CHATHAM TAKE Dance Company started out as a vehicle for choreographer Takehiro Ueyama to express his dancerly visions. But as seen on Friday night at the Tent at PS/21, Ueyama is opening up his four-year-old troupe to other dancemakers.
That’s a mixed blessing. Works by other choreographers gives greater depth and texture to a TAKE concert. Then again, Ueyama is staking his name and reputation on the abilities of others. The latter is a concern as Ueyama has an excellent reputation as a sensitive artist. A former Paul Taylor dancer, the native of Tokyo combines eastern and western art forms to good effect. Yet strangely, it was his newest work that came off as underdeveloped.
The program opened with Ueyama’s “Looking for Water,” a piece he toiled on while at PS/21 last summer. Created for a septet of dancers, “Looking for Water” draws its impulse from the percussive and airy music of Damian Eckstein. The dancers wave their arms and raise three fingers that slide down their faces and sternums. The motif is often repeated in this languid dance. At one point the dance turns frenetic, but it quickly slows again.

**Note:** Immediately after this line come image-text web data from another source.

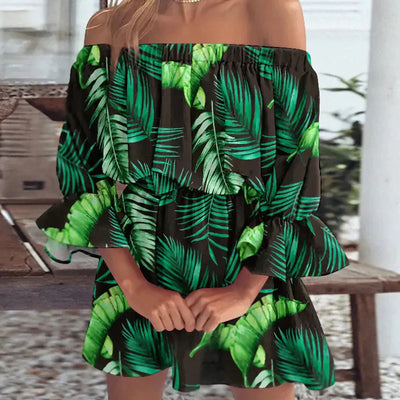 Zavando - Schulterfreies Mini-Strandkleid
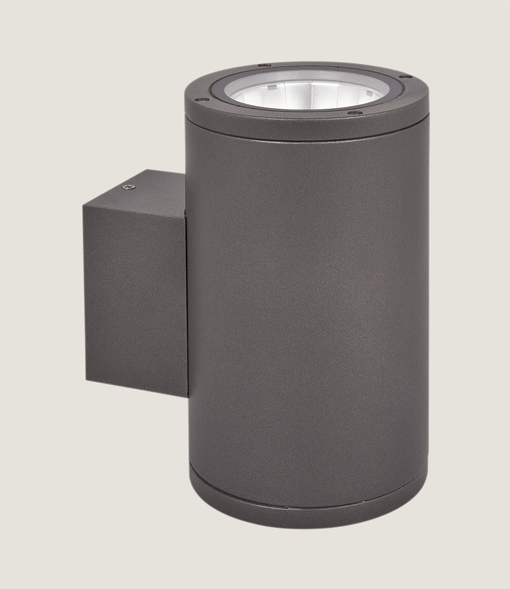 A black cylinder outdoor wall lighting with grey background.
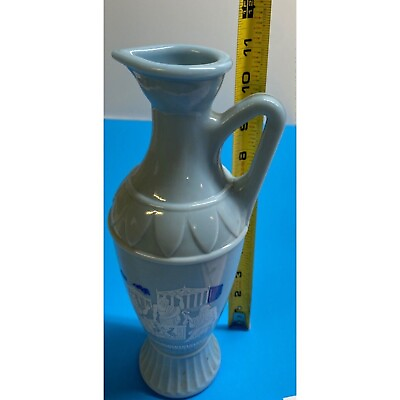 #ad Jim Beam Blue Milk Glass Decanter Vase Socrates Plato Aristotle 11quot; Tall $10.99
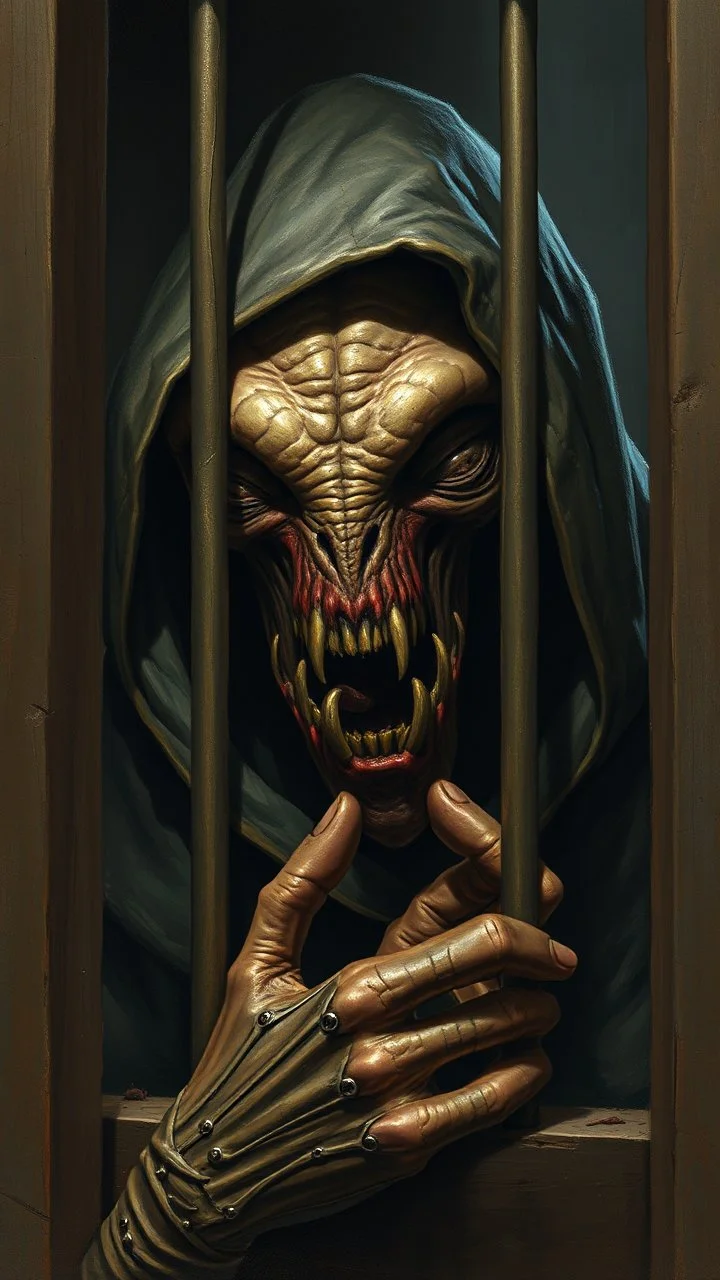 Bosch painting style nightmares, a scary alien creature with hood screaming and locked in behind bars , in dark prison environment with dim lights like 1800 prisons .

The look of the dance, all in white, is clinical and ritualistic. But “Looking for Water” does little more than tread water, leaving the audience thirsting for something more satisfying.
Ueyama’s “Linked,” to music by Pat Metheny, makes up for it. This is a bright, explosive tour-de-force for eight, including Ueyama. The driving jazz rhythms propels the dancers across the stage like fireworks.

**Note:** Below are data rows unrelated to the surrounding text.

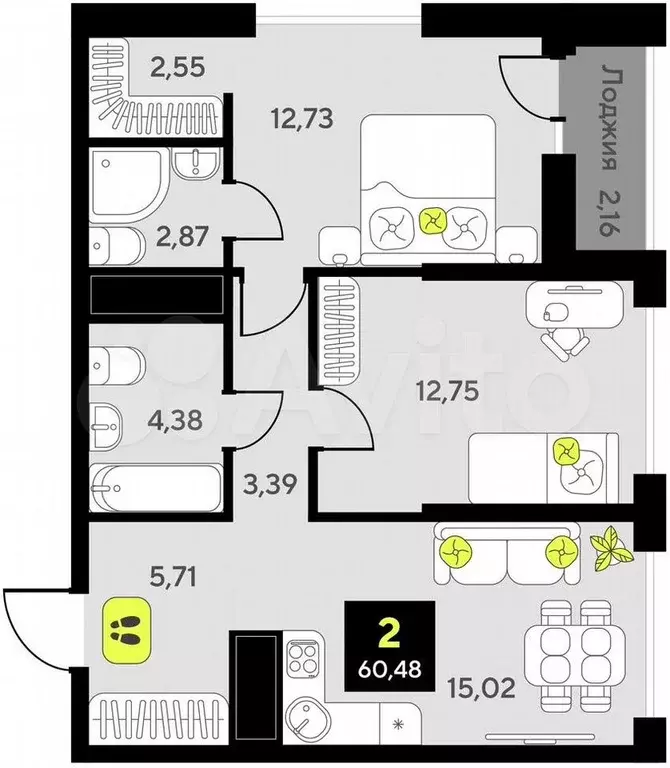 2-к. квартира, 60,5 м, 10/14 эт. - Фото 1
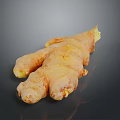 Fresh Raw Ginger Root with Natural Brown Texture Healthy Culinary Ingredient 3d model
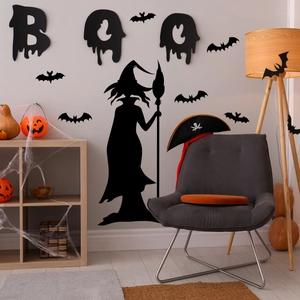Halloween witch and bats wall sticker set with BOO lettering for home holiday decoration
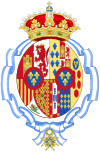 Coat of arms of Maria Mercedes of Bourbon-Two Sicilies, Countess of Barcelona after her husband renounce as Pretender to the Spanish Throne.svg
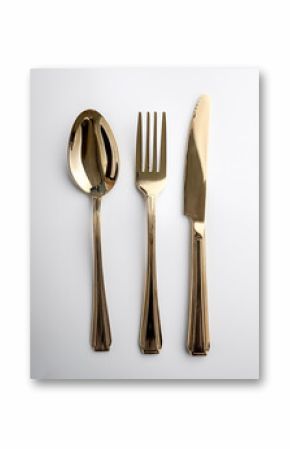 Fork, knife and spoon on white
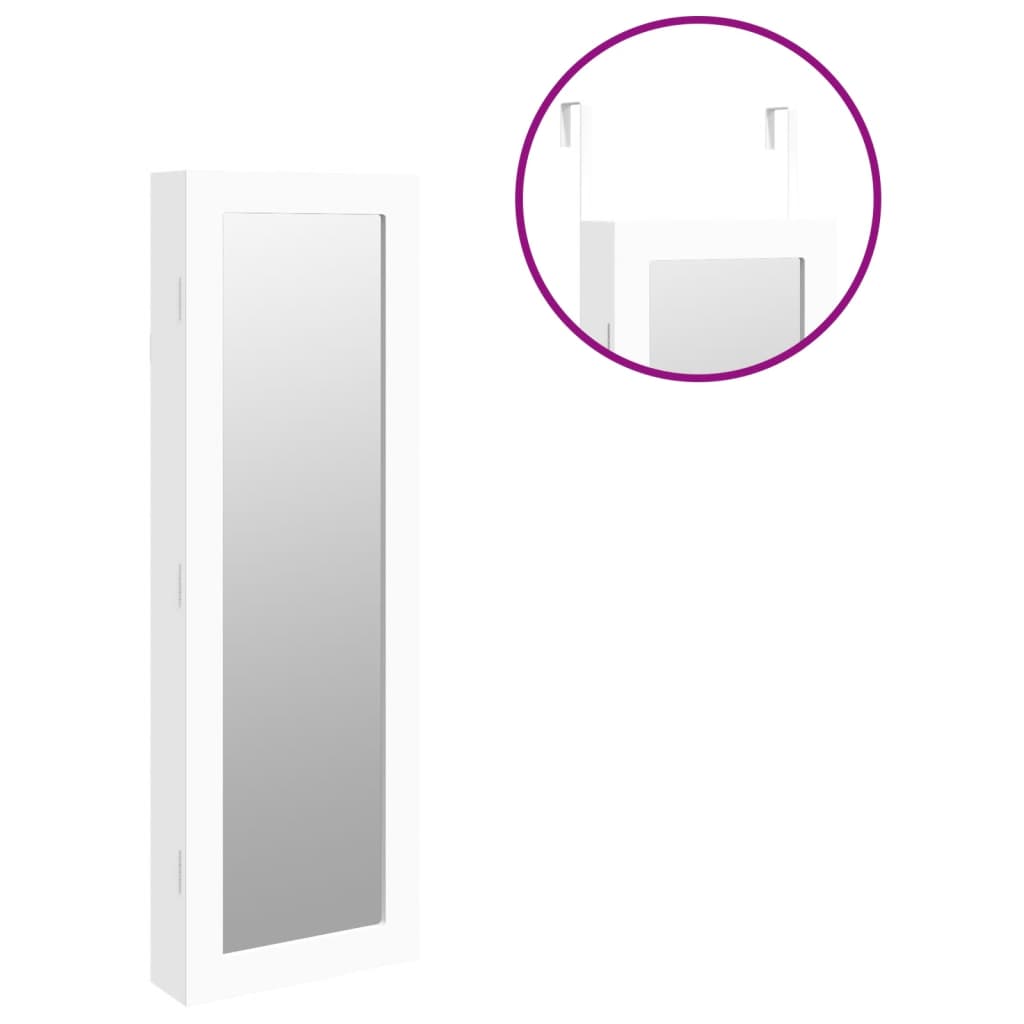 Zidni ormarić za nakit s ogledalom bijeli 30 x 8,5 x 90 cm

Dressed in cargo pants, tank tops and Ts, they jump about, wiggling their bottoms in mid-air, slide across the floor and spiral like tornados. When so much about the art of dance trends toward the dark and dysfunctional, “Linked” is a refreshing departure.
The program also features a world premiere by Jill Echo, Ueyama’s assistant director. The atmospheric “Left There by the Tide,” with music by Philip Glass, Graeme Revell, Lukas Foss and Eckstein, captures the vastness and power of the ocean’s tide. The dancers are the waves, balled up and rolling on and off the stage. They are also the plant life on the shore and under the sea as they undulate from head to toe.

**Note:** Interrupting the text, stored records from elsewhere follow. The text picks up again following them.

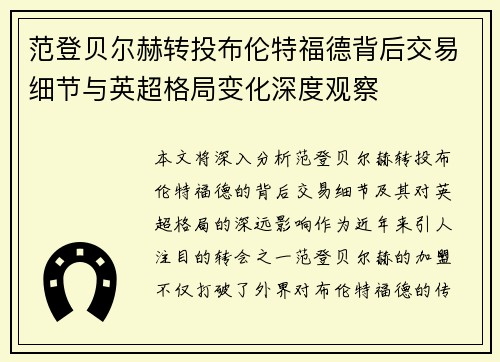 范登贝尔赫转投布伦特福德背后交易细节与英超格局变化深度观察 范登贝尔赫转投布伦特福德背后交易细节与英超格局变化深度观察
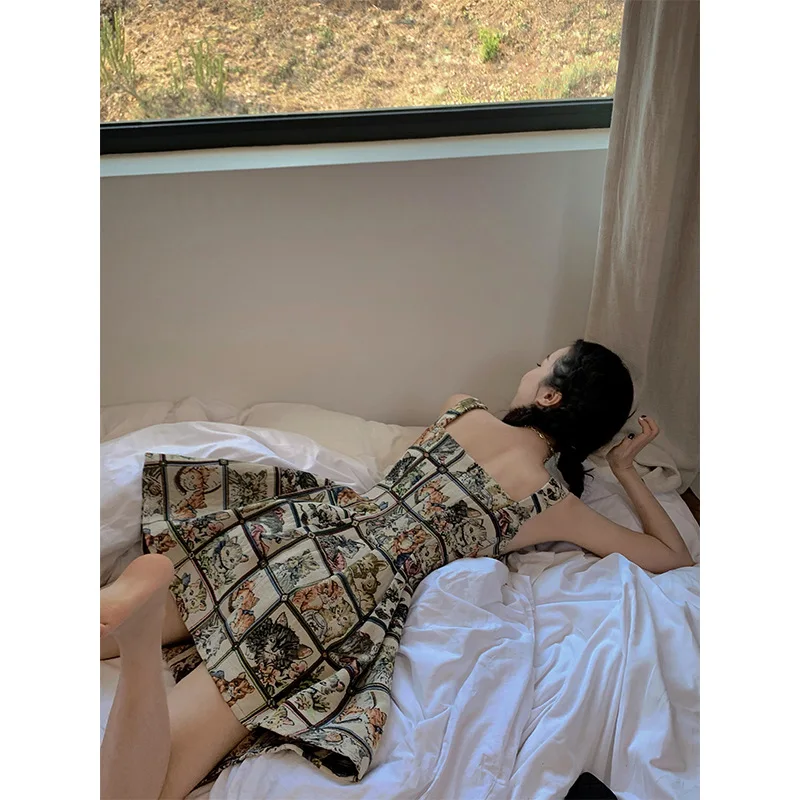 

Новинка 2022, летняя женская кофта во французском стиле с ретро-принтом, дизайнерская пляжная кофта с защитой от солнца, пикантное длинное пла...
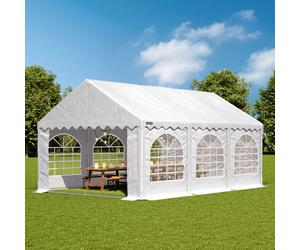 TOOLPORT PRO 3x6m Marquee / Party tent w. ground frame, PVC 750, white - (7232)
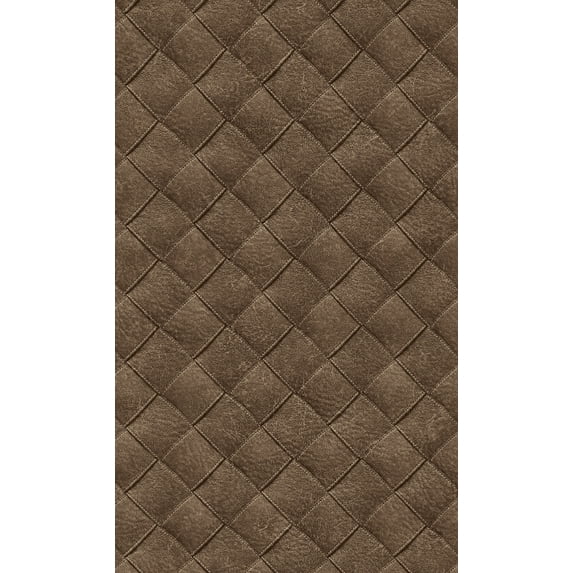 Brown Leather Patchwork Geometric Wallpaper R8245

Yet “Left There by the Tide” is not a monotone thumping of waves against the sand. These waters collide with immovable objects resulting in a violent clash of titans. Sharon Park slams into the granite-like stillness of Kile Hotchkiss in a dramatic battle of will. As she flings herself at him, he remains planted. They finally end with her limbs wrapped around his torso, resigned to going around rather than through.
Obviously, Echo is a choreographer Ueyama would be wise to nurture. I’m not so sure the same could be said for Asun Noales. Her solo for Ueyama, “Huella” (Spanish for footprint), initially captures the imagination and then goes nowhere.
Ueyama is a mighty dancer, however. His frame commands the stage. In “Huella,” he looks like he is making up the dance as he goes along. The dance is organic to the dancer but hardly interesting to the audience.